The fundamental and dominant rule controlling the construction of a statute is to ascertain, if possible, the intention of the Legislature expressed therein. The statute in question (Article 852a, § 5.07) which authorized the savings and loan associations to charge "reasonable expenses" incurred in connection with the making of a real estate loan, must be interpreted so as to conform with the Legislature's intent. Calvert v. Texas Pipe Line Company, 517 S.W.2d 777 (Tex.Sup.1974). The Texas Constitution, Article 16, § 11, authorized the Legislature to classify loans and lenders, define interest and fix maximum rates of interest.
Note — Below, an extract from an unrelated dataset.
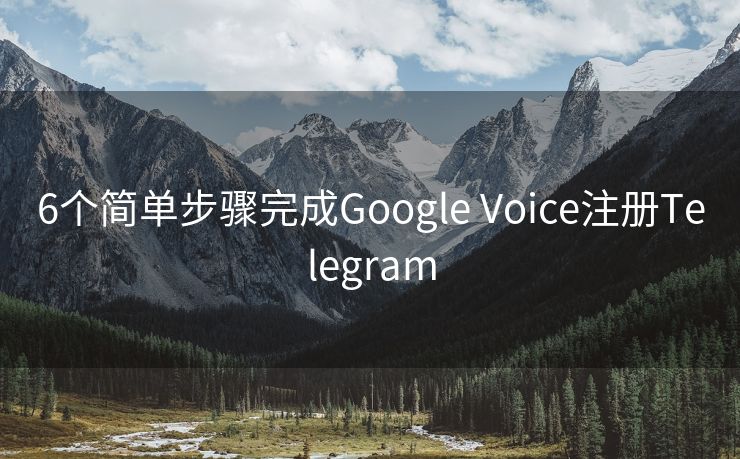 6個(gè)簡(jiǎn)單步驟完成Google Voice注冊(cè)Telegram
Pursuant to such mandate, the Savings and Loan Act was enacted allowing such institutions to charge reasonable expenses incurred in connection with the making of a real estate loan, without certain expenses being treated as interest. This must be shown in determining whether the transaction was usurious or not. The particular statutory enactment (§ 5.07) with which we are concerned is an exception to the general usury laws. The Legislature, by allowing such an exception, intended that, before such a charge can be made (without the same being treated as interest), there must be proof that such an expense was a "reasonable expense" and was incurred in connection with the making of the real estate loan. The summary judgment proof does not meet this test.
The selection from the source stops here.